おしとやかに微笑むレイチェル・スーさん。「新しいことに挑戦するのが好き」と語るおしとやかに微笑むレイチェル・スーさん。「新しいことに挑戦するのが好き」と語る

タイ・バンコクのシラパコーン大学大学院でこの6月から音楽教育を専攻するミャンマー・ヤンゴン出身のレイチェル・スーさん(24歳)。子どもに音楽を教えることにやりがいを感じ、タイの大学院で音楽教室を経営するスキルを学びたいと語る。スーさんはヤンゴンで高校を卒業した後、大学に通いながらピアノを教えていた。

カメラ2台を使ったレッスン

スーさんはヤンゴンのインセイン地区で、音楽一家のもとで生まれた。母親の勧めで8歳の時にピアノを始めたという。父はピアノの調律師。家にはたくさんピアノがあった。母は看護師だが音楽を聞くのが好きだった。スーさん本人は当時、ピアノレッスンを嫌々受けさせられていたという。「途中で投げ出したいと思ったこともあった。楽しく演奏できるようになったのは16歳ぐらいから」と笑う。

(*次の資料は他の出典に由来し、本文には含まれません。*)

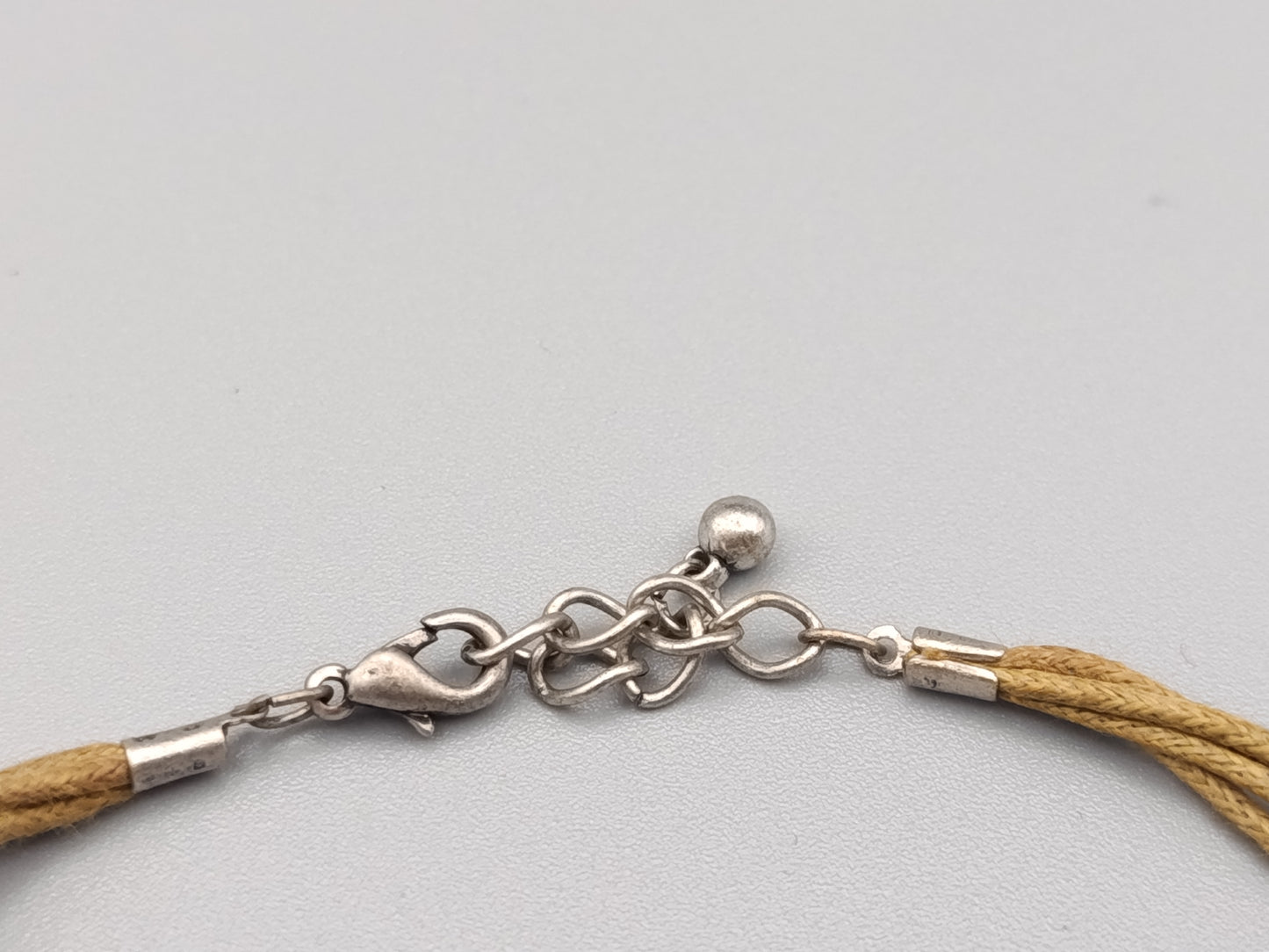 Rustikales Damen Armband Charmanter Ethno Stil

彼女が通ったのはキリスト教系のホープ・プライベート・ハイスクール。この高校を卒業した2017年に音楽団体「ジンダラエ 合唱団&オーケストラ」 に入った。合唱やピアノを演奏している動画をユーチューブ(青い衣装を着た女性がスーさん)やフェイスブックで配信したところ、コロナ禍のロックダウン中に活動が注目され始めたという。再生回数は次第に伸び、最高で58万回。「カルテット(4人組)で歌った、カレン族の伝統的なニューイヤーソングの再生数が一番伸びた。他にも小学生が合唱する動画もある」

スーさんはコロナ禍のさなか、小学生を対象にしたピアノのオンラインレッスンを始めた。「(ピアノのオンラインレッスンは)ミャンマーでは初めて。私の顔を写す用と手元を写す用の2台のカメラを設置して、ピアノを弾くときの手の動きを生徒に見せるようにした」(スーさん)

レッスンは1週間で50コマ。ピアノのレッスンだけでなく、自分で作ったオリジナルのピアノ教本や、家にあったピアノやキーボードも売った。初めの3カ月で30万チャット(2020年の平均レートで計算すると約22万5000円)稼いだという。

ただ軍政下のミャンマーでは停電が深刻だ。電気が使えるのはヤンゴンでも1日わずか4〜5時間。スーさんはオンラインレッスンを辞め、対面でのピアノの家庭教師を再開した。毎月70万チャット(2023年の平均レートで計算すると4万5000円)稼いだという。